Among the various factors in the processing environment, the tool occupies a very important position. Although the tool only accounts for 3% of the total production cost, if the machining efficiency is increased by 20% by proper tool selection, the total cost can be effectively saved by up to 15%.
As with the domino effect, by increasing the processing performance by 15-20%, the productivity can be greatly improved, which in turn directly promotes the increase in profitability and allows the company to become more competitive. However, the above goals can only be achieved through the cooperation of advanced tools, cutting-edge CNC machines and intelligent CAD/CAM software.
Choosing the right metal cutting strategy for high productivity
Proper selection of tools and cutting parameters reduces cycle times and reduces individual workpiece power consumption. The fast metal removal process not only yields high productivity but also saves energy. Overall, the shorter the tool cutting time, the higher the productivity and the less energy is consumed. In the same way, productivity can be further improved by using the advanced CAD/CAM software system to obtain the shortest tool path and optimizing the cutting parameters.

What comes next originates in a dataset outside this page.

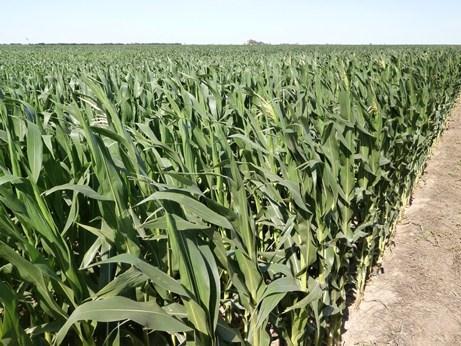 con un desarrollo sin problemas. En el área que comprenden los 12 departamentos, se estima una superficie sembrada para maíz temprano (de primera) de unas 90.000 ha.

Increase productivity with vibration-damping machining solutions
The chip structure design, high precision, and effective allocation of cutting forces together improve tool performance, combined with vibration reduction design and smooth chip evacuation design to significantly reduce power consumption while achieving high productivity. The two main factors driving low energy consumption and high metal removal rate are spiral cutting edges and unequal pitch structures. Tools with unequal pitch structures eliminate harmonic vibrations, which are the main cause of vibration. During processing, whenever vibration or noise is generated, the operator always rapidly reduces cutting parameters such as cutting speed, feed or depth of cut, which is not conducive to the performance of the tool.
As a leading tool manufacturer, Iskar continues to innovate with the goal of increasing productivity and continuously develop innovative products.
Iskar's CHATTERFREE FINISHRED is a good example. The cutter is specially designed to eliminate vibrations in milling and to perform both rough and finish milling. The unequal pitch spiral edge arrangement of the milling cutter eliminates the main cause of vibration - harmonic vibration, thus harvesting fast metal cutting and achieving higher machining in the case of roughing cutting parameters. Surface Quality.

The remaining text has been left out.